Despite the clinical benefits associated with ipilimumab combination therapy, the occurrence of drug-related serious adverse events warrants caution. In this study, the incidence of grade 3 or higher adverse events was 21.2%, which is comparable to previous reports involving nivolumab plus ipilimumab. Notably, the study population experienced two cases (6.1%) of hyperprogression, with one case (3%) resulting in death due to rapid tumor progression, highlighting the importance of careful patient selection and monitoring. Prior literature has reported that the incidence of immune-related hyperprogression ranges from 9% to 29%,30–32 with a hyperprogression rate of 12.7% associated with nivolumab monotherapy.33 Although the mechanisms underlying hyperprogression following immunotherapy in HCC remain unclear, it is evident that patients who experience hyperprogression have significantly shortened survival times. Therefore, further research should explore biomarkers that predict response and adverse outcomes, aiming to refine the patient population that may derive the most benefit from ipilimumab combination therapy.

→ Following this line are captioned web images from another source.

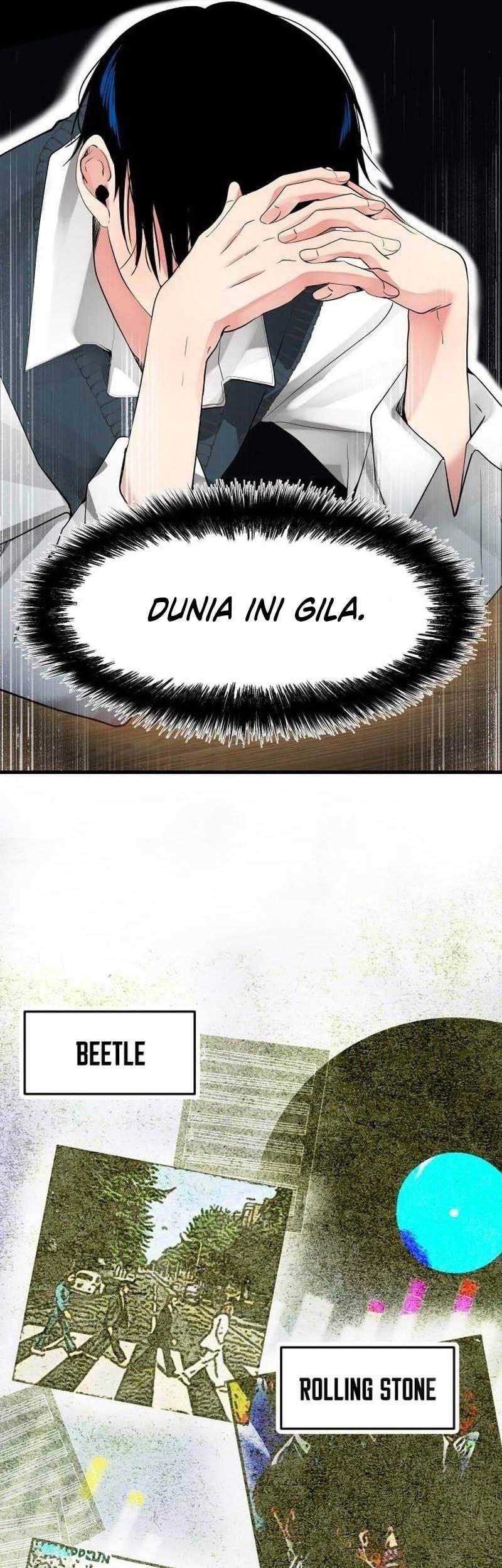 A Tidal Wave of Glory chapter 02 halaman 81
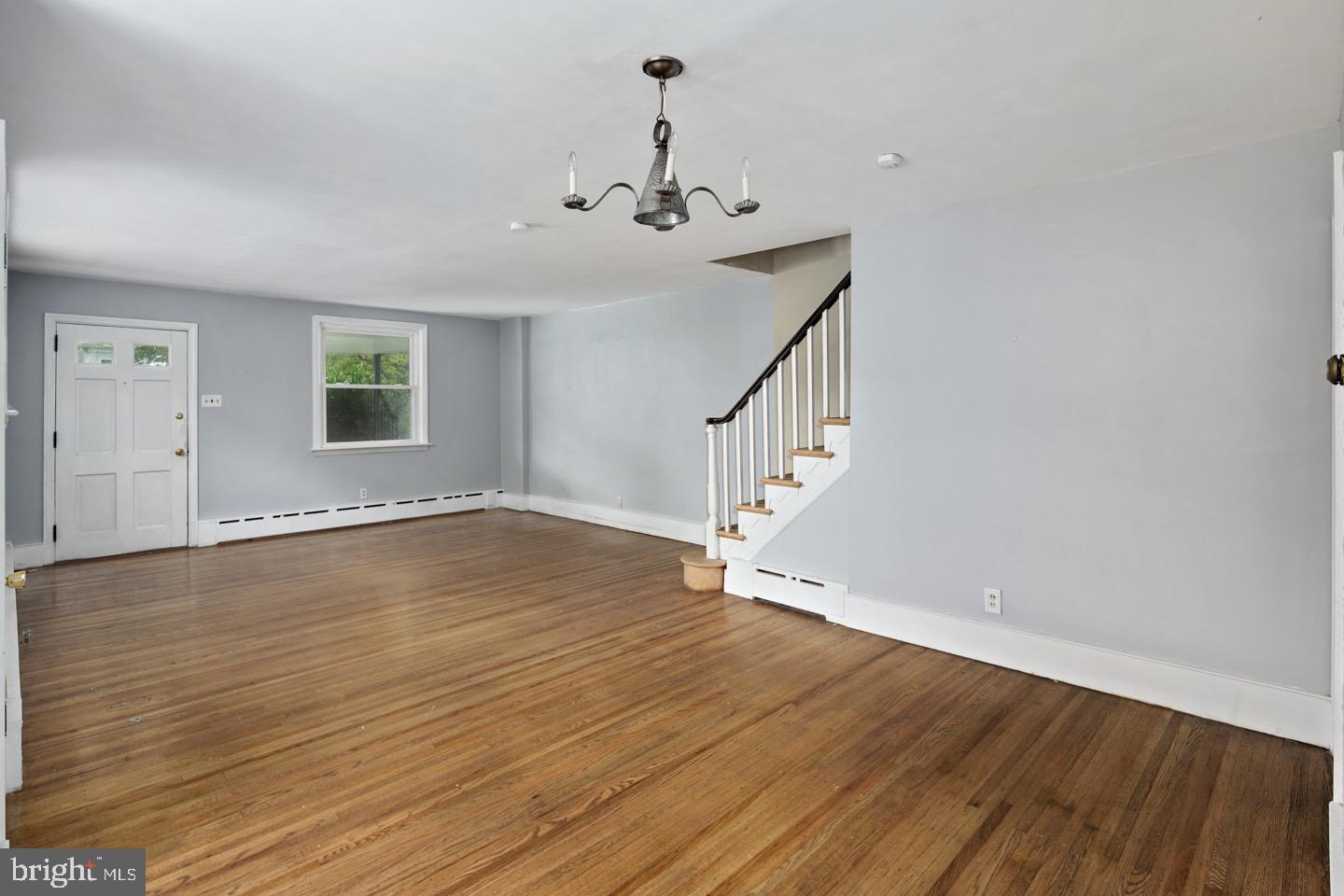 228 Williams Road Bryn Mawr, PA 19010 - Photo 6 of 21 Gallery Image 6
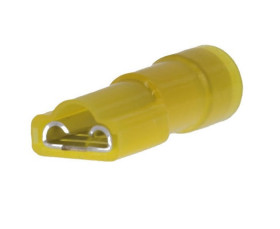 Z MX-0196060005 Z MX-0196060005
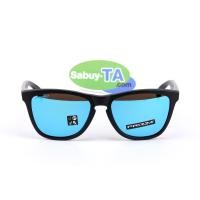 ราคา Oakley FROGSKINS Polished White-Ruby Iridium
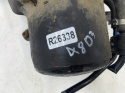 Obudowa filtra paliwa Audi A8 D3 02-10r. 3.0 TDI podstawa 4e0201987f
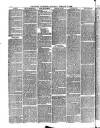 Rugby Advertiser Saturday 10 February 1866 Page 6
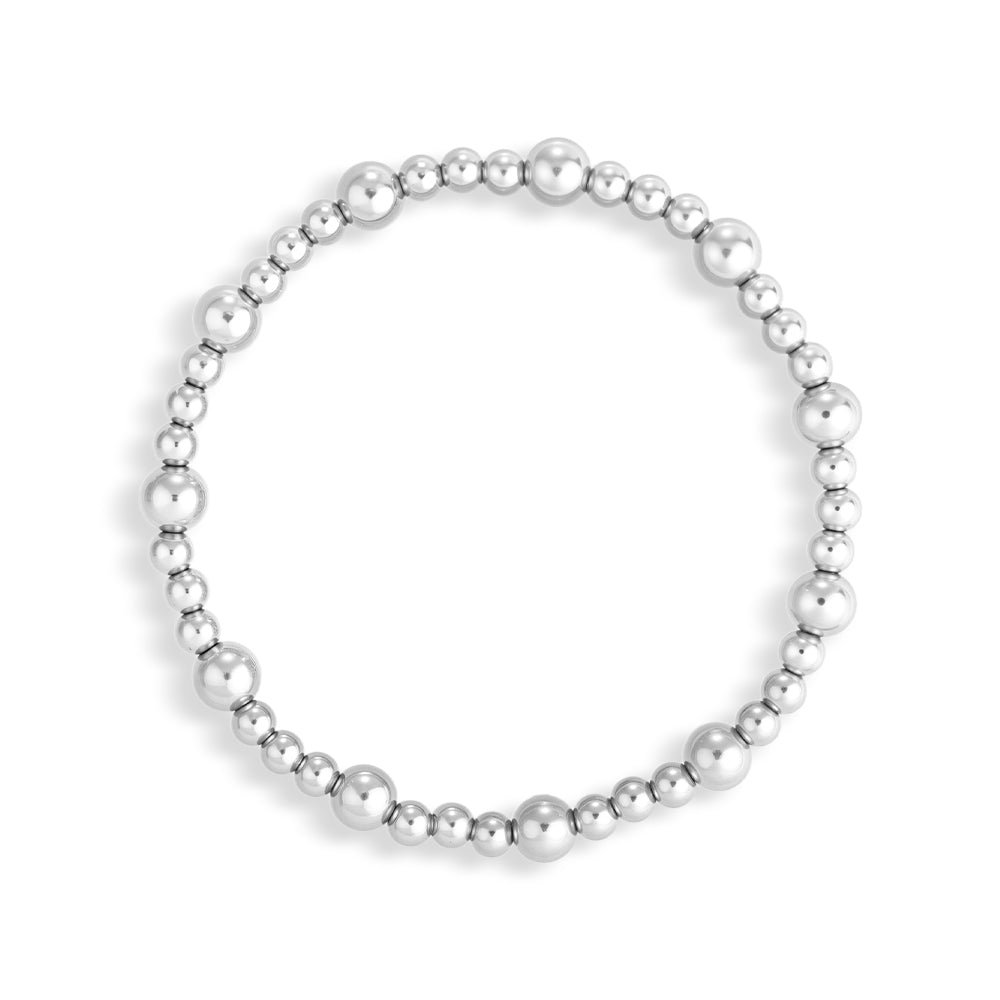 Sicily – Timeless Elegance Bracelet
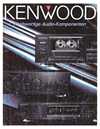 Kenwood Hifi 1991 Image_1.jpg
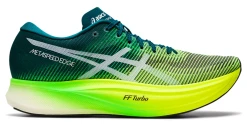 Asics Unisex Metaspeed Edge+
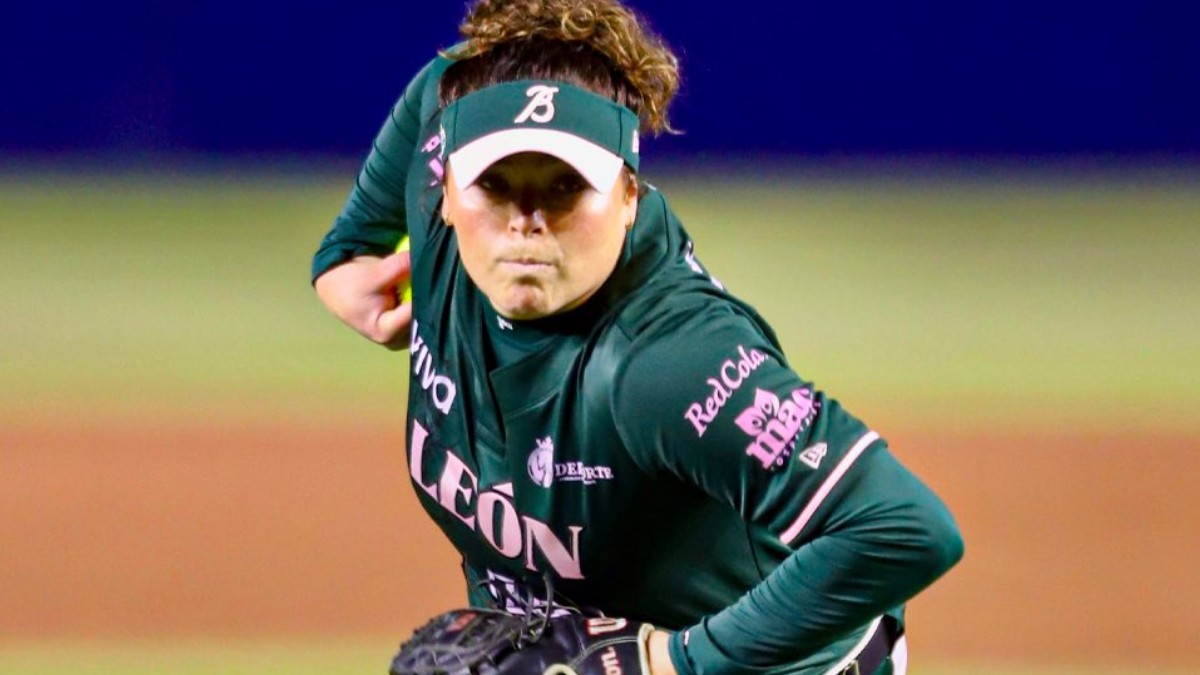 RachelGarciaBravasdeLeon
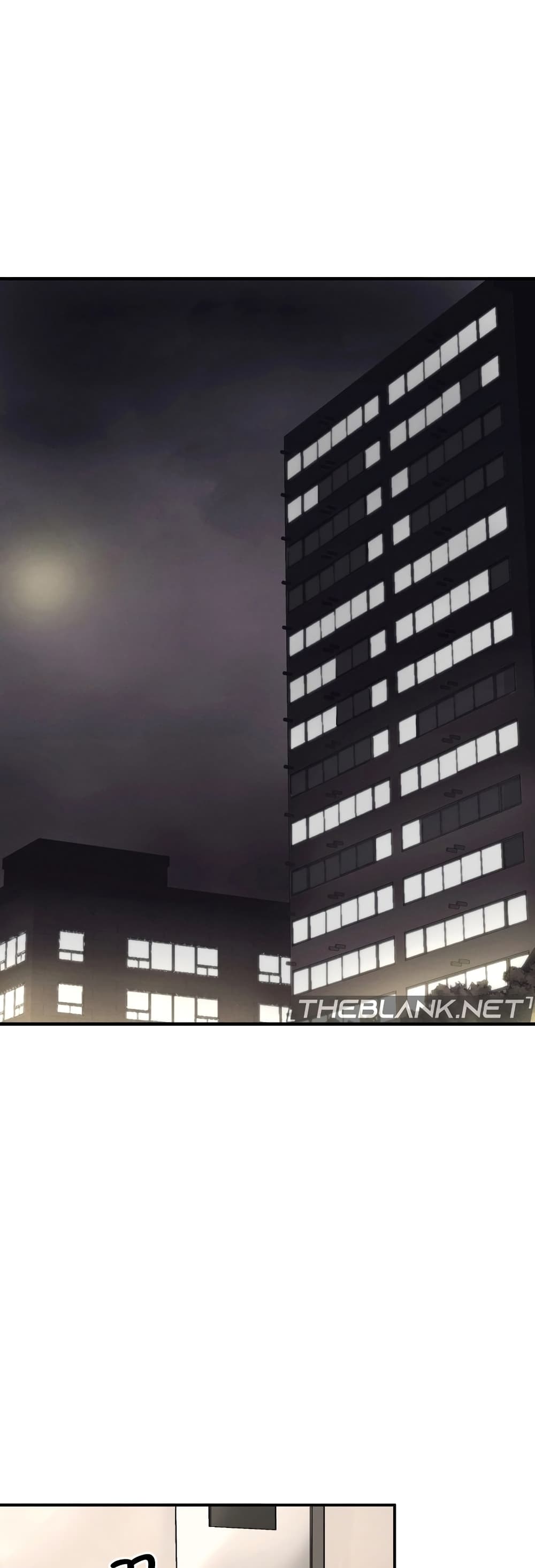 My Life is a Piece of Cake ตอนที่ 10 ภาพ 36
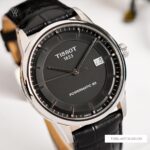 Tissot 41mm Nam T086.407.16.051.00 - Ảnh 4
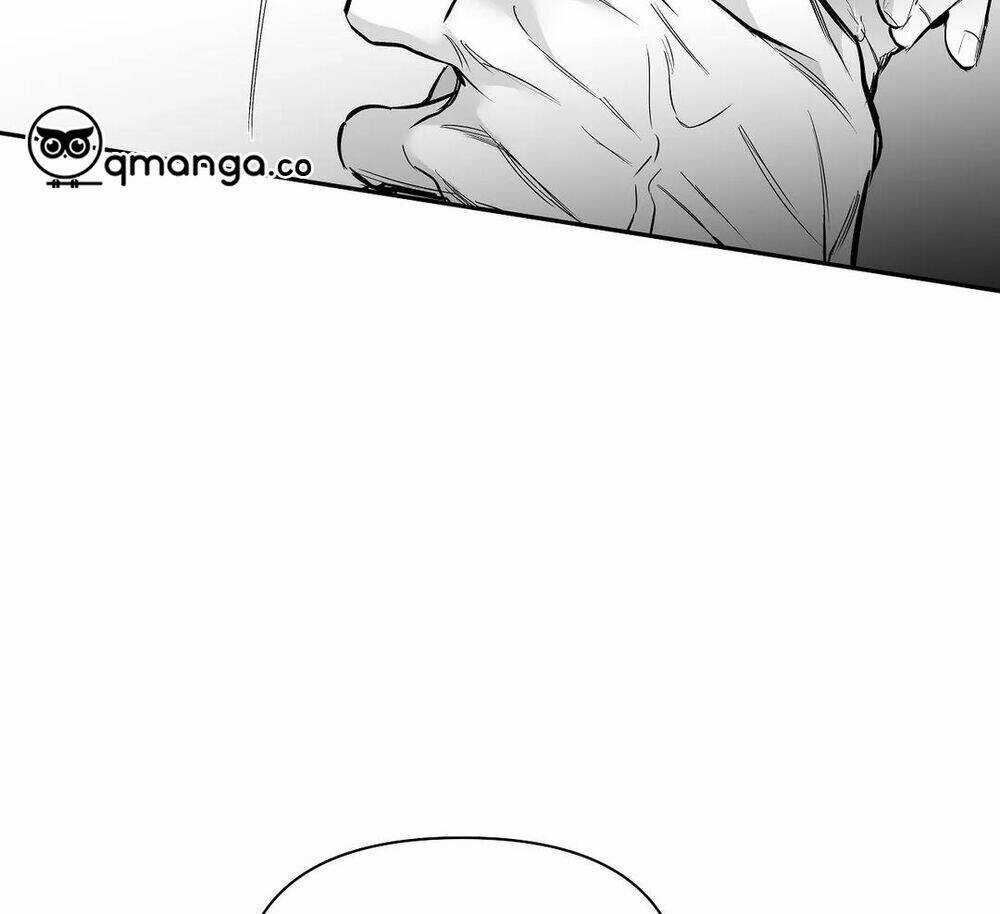 Khi Đôi Chân Thôi Bước Chapter 57 trang 20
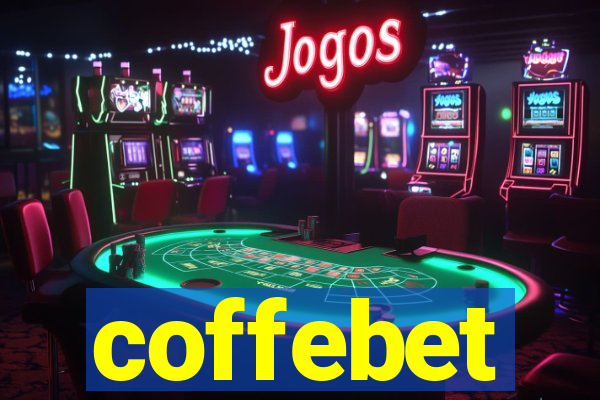 coffebet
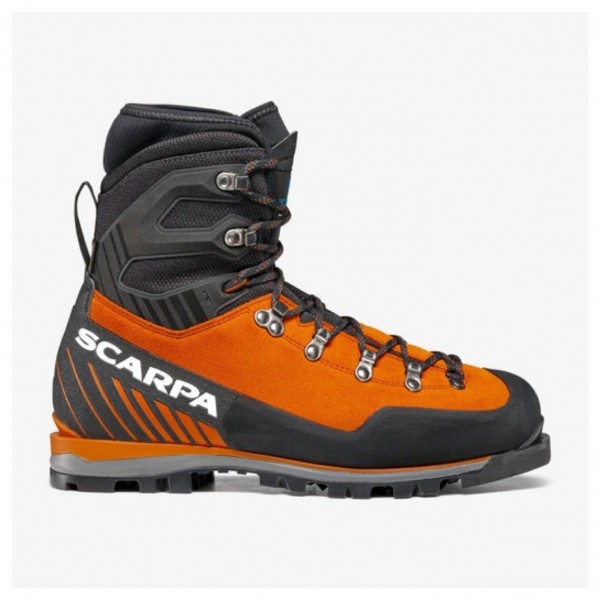 SCARPA MONT BLANC PRO GTX New Men 87520-201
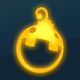Bomb Bots Arena - Multiplayer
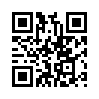 QR kód na túto stránku certizne.oma.sk duchovno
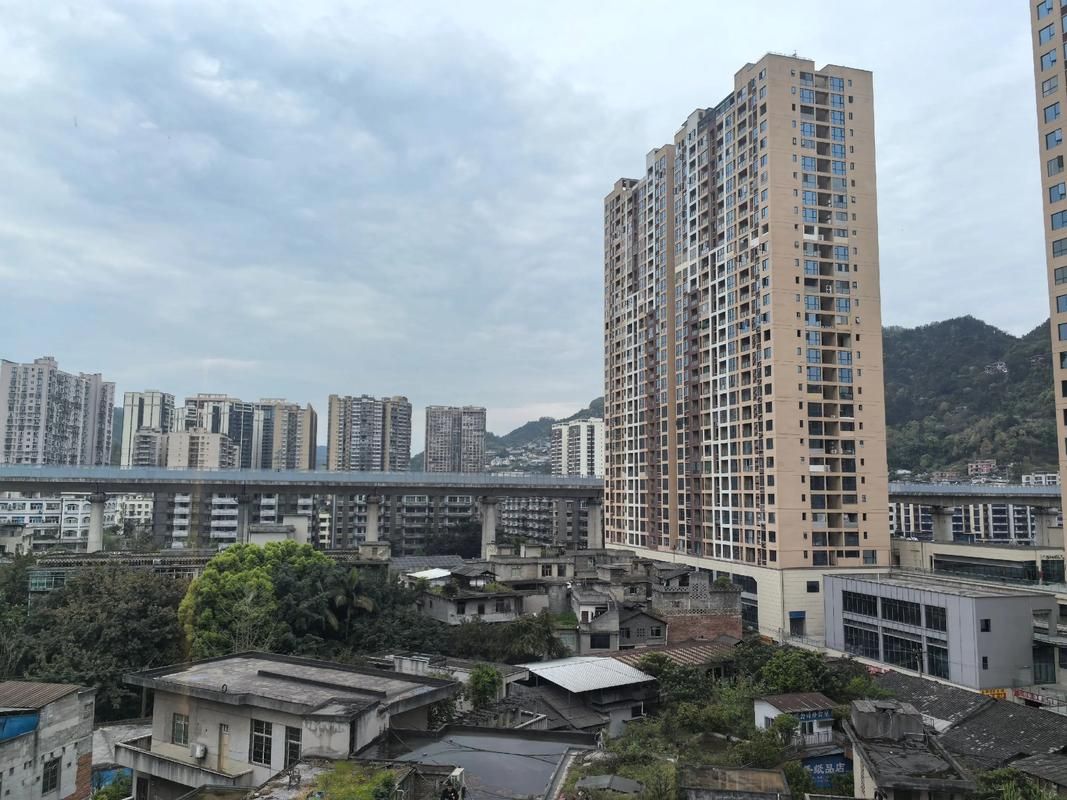 专家:四川省宜宾市兴文县每年或现多个感染高峰/四川省宜宾市兴文县区号是多少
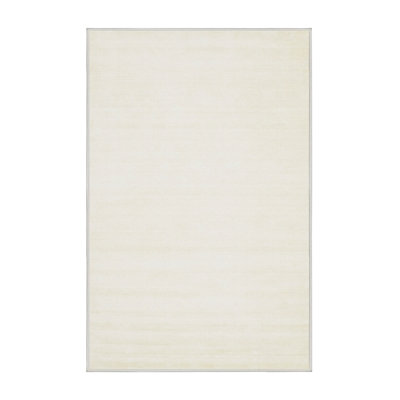 Indoor Rug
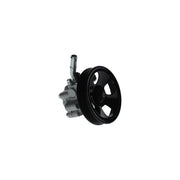 Bosch Power Steering Hydraulic Pump fits Hyundai Santa Fé II 2006-2012 2.7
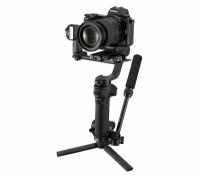 Стабилизатор Zhiyun Weebill 3S Combo Kit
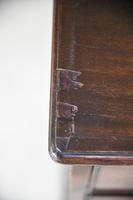 19th Century Mahogany Chest of Drawers (9 of 12) 19th Century Mahogany Chest of Drawers (9 of 12)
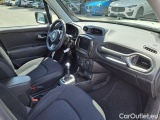  Jeep  Renegade 2019 Diesel Renegade 1.6 mjt Longitude 2wd 130cv Manual Diesel  75 #15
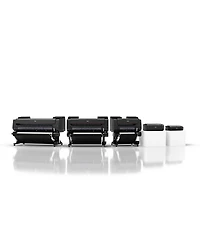 Canon imagePROGRAF Pro-310 13" Professional Wireless Inkjet Photo Printer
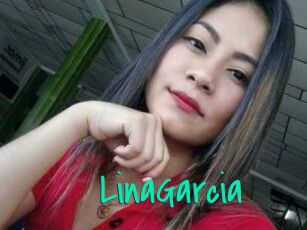 LinaGarcia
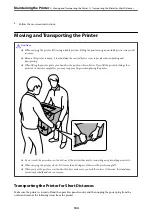 Preview for 104 page of Epson AL-M7150DN User Manual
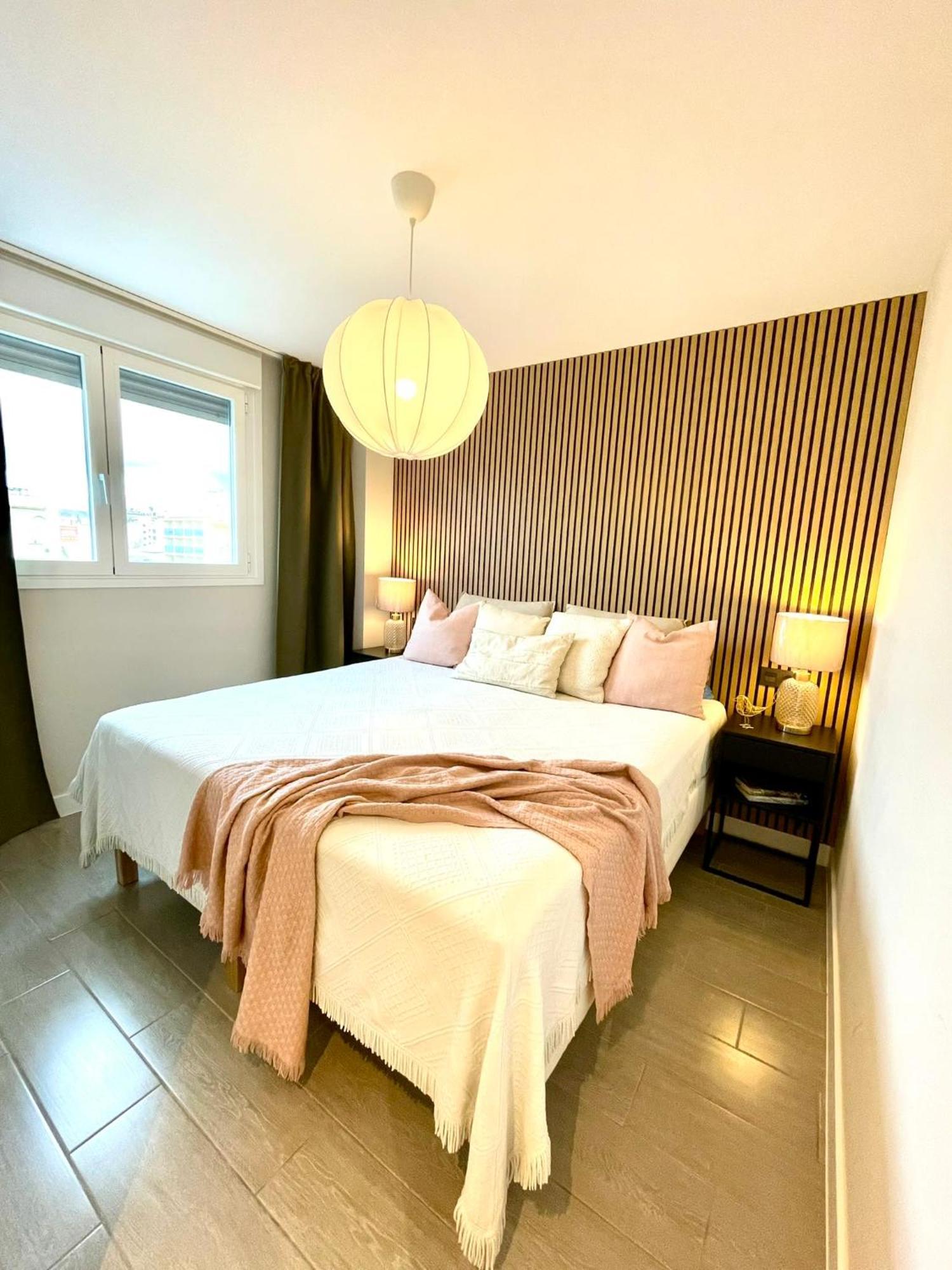 טורוקס Shr036 3 Bedroom Apartment At Duna Beach II מראה חיצוני תמונה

This study has several limitations. First, while multicenter retrospective data were utilized to increase the sample size, the small sample size limits statistical power, particularly for subgroup analyses, which may obscure significant trends. Additionally, as a retrospective, multicenter analysis, the study may be subject to selection and information bias, and causality cannot be firmly established. Finally, heterogeneous treatment backgrounds among patients may impact the generalizability of the findings, underscoring the need for larger, prospective trials to validate these results.

Conclusions

In conclusion, ipilimumab combination therapy represents a viable treatment option for patients with advanced hepatocellular carcinoma in very late lines of therapy. Our findings demonstrate that while this approach can yield beneficial outcomes, it is imperative to implement careful monitoring for adverse events to ensure patient safety. Additionally, the possibility of enhanced effectiveness when this combination therapy is administered earlier in the treatment course suggests that timing may play a critical role in optimizing patient outcomes. Besides, our study confirm that an NLR ≥ 3.1 is an independent risk factor for prognosis in HCC patients receiving ipilimumab combination therapy, which may provide guidance for clinical treatment. However, it is important to acknowledge the limitations of our study, including its retrospective design and small sample size, which may affect the generalizability of the results. Future research should focus on larger, prospective studies to validate our findings and further explore the optimal timing for ipilimumab combination therapy.

Data Sharing Statement

The datasets presented in the current study are available from the corresponding author on reasonable request.

Author Contributions

All authors made a significant contribution to the work reported, whether that is in the conception, study design, execution, acquisition of data, analysis and interpretation, or in all these areas; took part in drafting, revising or critically reviewing the article; gave final approval of the version to be published; have agreed on the journal to which the article has been submitted; and agree to be accountable for all aspects of the work.

Funding

This research was supported by grants from the Natural Science Foundation of Fujian Province (2022J05332 to Su-Su Zheng and 2022J011428 to Bo-Heng Zhang); Science and Technology Bureau of Xiamen City (3502Z20224ZD1081 to Su-Su Zheng). Fujian Provincial Health Commission Science and Technology Planning Project (2023GGB11 to Su-Su Zheng).

Disclosure

The authors declare that they have no competing interests in this work.